Silicon Insider: Putting HP Back Together

The cheering is over: the reports of dancing in the aisles at the Corvallis plant, the Ding Dongs (as in, "the Witch is Dead") handed out in Boise, the laid-off but still loyal ex-employees from Grenoble to Palo Alto who momentarily saw their stock jump in value.

It takes a special arrogance to destroy the World's Greatest Company, and one can only hope that Carly Fiorina carries that entry on her résumé forever.

But, thankfully, that is now the ugly past; Hewlett-Packard's Wilderness Years. Now the question becomes: What does HP do now?

This is not a theoretical question. Hewlett-Packard plays a vital role in the ecology not only of Silicon Valley, but the electronics industry -- arguably even in the world's economy. For more than a half-century, HP served not only as one of the great technical innovators, but also the greatest corporate cultural innovator. Think employee stock options, flex-time, management by objective, profit sharing … all were either invented or validated by the company.

For Silicon Valley, HP was not only the founding firm, but the embodiment of enlightened management, endless innovation and unimpeachable quality. Hewlett-Packard taught the Valley's entrepreneurial startups how to become real companies, and taught the founders of those firms how to become industry leaders and statesmen. During the Valley's hard times, HP also served as sanctuary from the vagaries of the business cycle and the hard-heartedness of less-enlightened bosses. And, as a company of den mothers and little league coaches, HP was a perpetual reminder to the wildcatters of the Valley (and in time, to the world) that you didn't have to surrender your life to succeed in the digital age.

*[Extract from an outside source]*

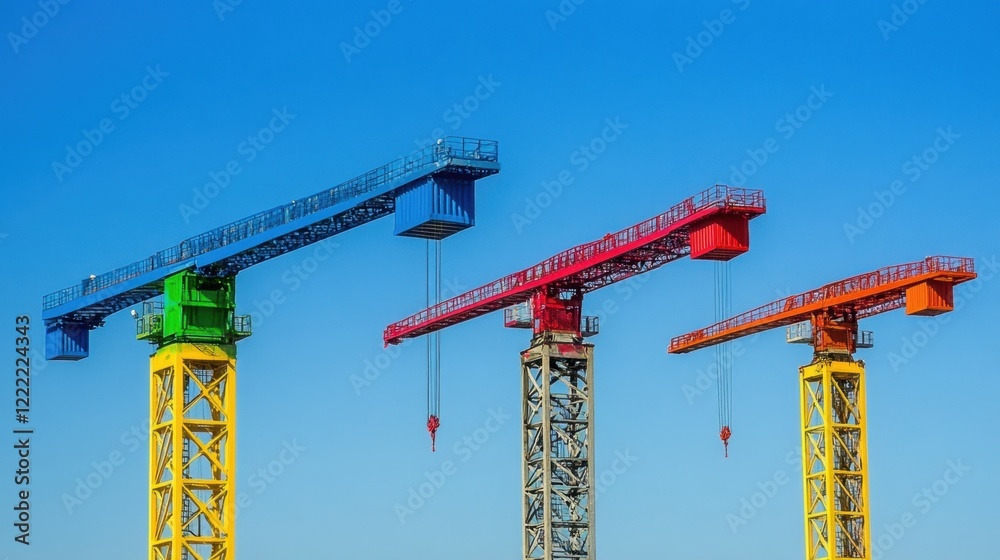 Brightly colored industrial cranes lifting heavy loads against a clear blue sky. Brightly colored industrial cranes lifting heavy loads against a clear blue sky.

At the heart of this corporate exceptionalism was the so-called "HP Way," a philosophy of doing business that was self-evident to HPers, but infuriatingly imprecise to outsiders -- so much so, that many dismissed it as mere mumbo-jumbo. The tragedy of Hewlett-Packard during the Carly years was that she thought so, too. Fiorina, whatever her inadequacies, was no fool: she rightly saw the HP Way as the greatest threat to her plan to remake the company in her own image, and did her level best to destroy it.

Unfortunately, it was the one job she did well. By the time she was tossed out, HP was not only no longer the best tech company in America, but one of the worst. It had become a place where employees lived in a perpetual fear of layoffs, their bosses reduced to functionaries delivering the latest bad news from executive row, where the stock sat paralyzed, and the chief executive officer embarked on crusades and acquisitions that nobody in the ranks believed would work. As demolished as Fiorina's reputation is today, she is, in fact, lucky to have been fired before the next boom led to HP hemorrhaging disgruntled employees from every doorway.

Now there is this horrible mess to clean up. HP today finds itself mired in commoditized businesses, such as personal computers and printers, where it doesn't belong. It is saddled with a giant anchor, Compaq, which it doesn't need. It will take years of divestiture, reorganization and reorientation to put the company back on the right track.